_About this exercise_: Using the records that follow, reproduce exactly the lines starting at the line containing "Party Scene Sequin" and ending at the line containing "This is what". Include both end lines and no pictures.

_Material provided_:
╭──
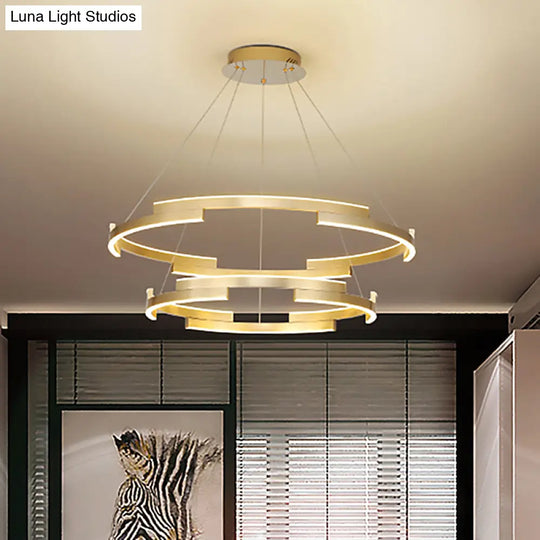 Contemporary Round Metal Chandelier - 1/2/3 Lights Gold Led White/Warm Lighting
╰──
╭──
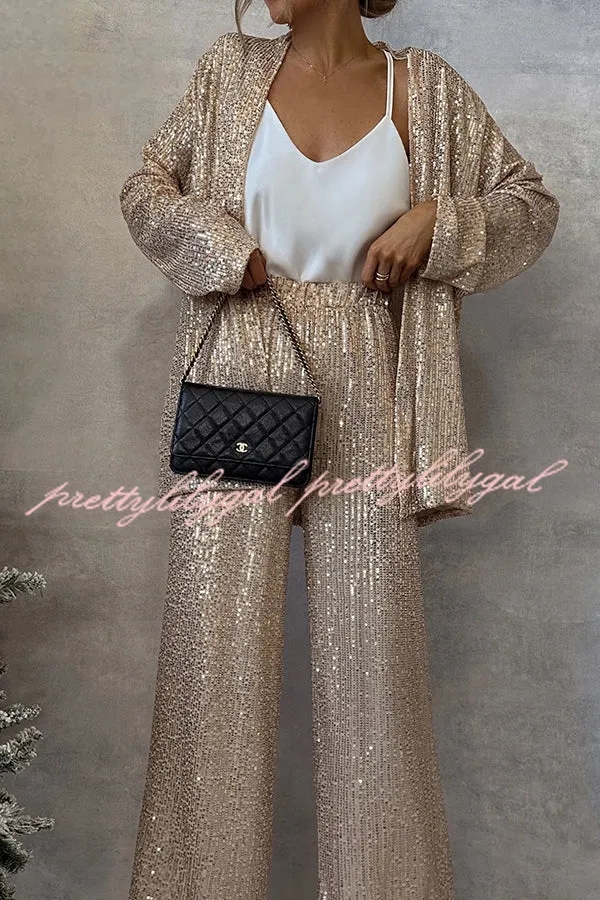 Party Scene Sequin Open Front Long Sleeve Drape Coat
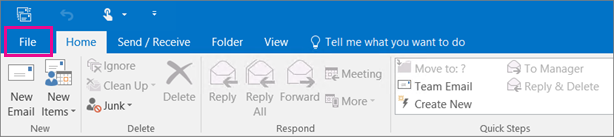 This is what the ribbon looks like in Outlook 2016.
╰──
╭──
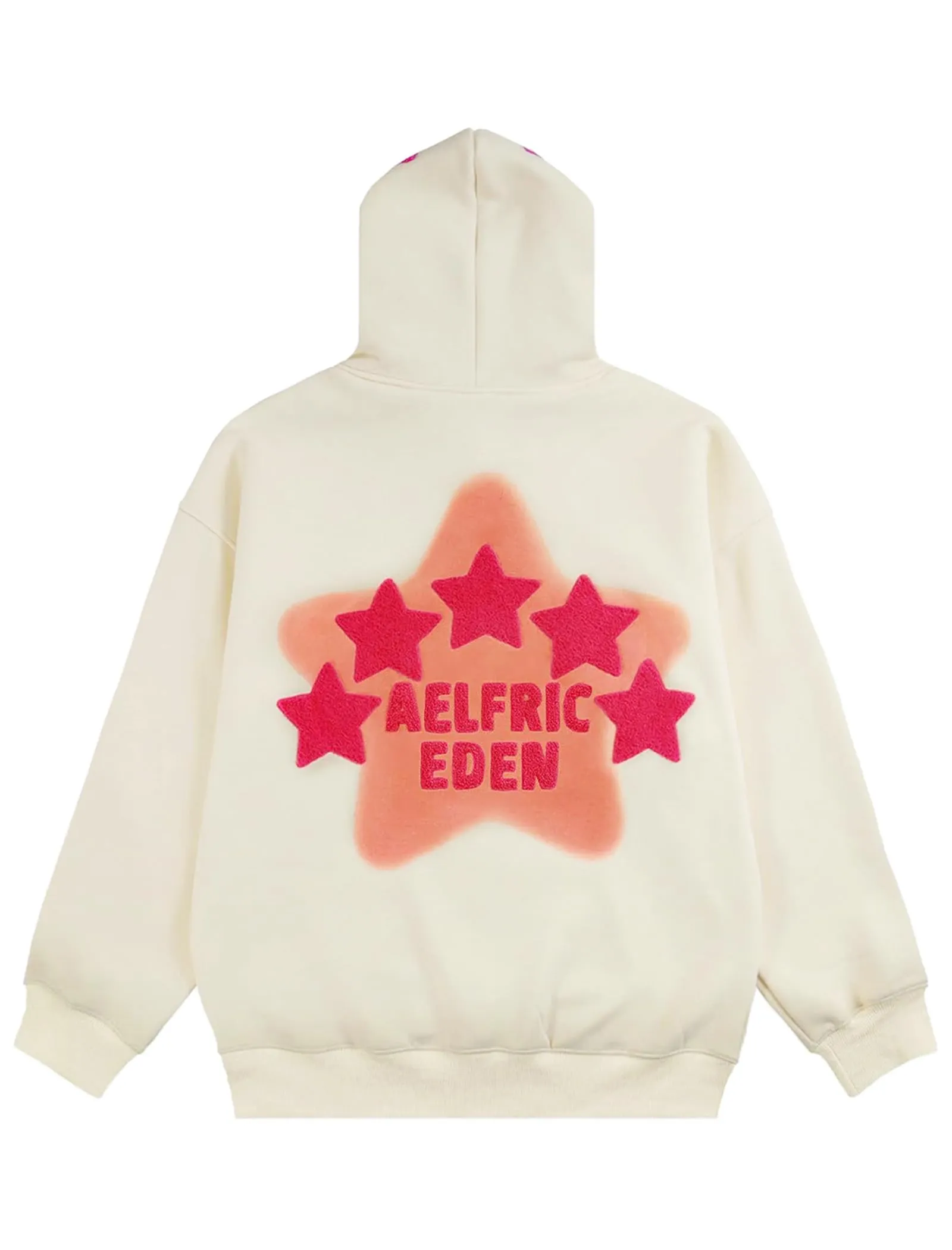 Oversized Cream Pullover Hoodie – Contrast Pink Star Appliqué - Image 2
╰──
_Response below_:
 Party Scene Sequin Open Front Long Sleeve Drape Coat
 This is what the ribbon looks like in Outlook 2016.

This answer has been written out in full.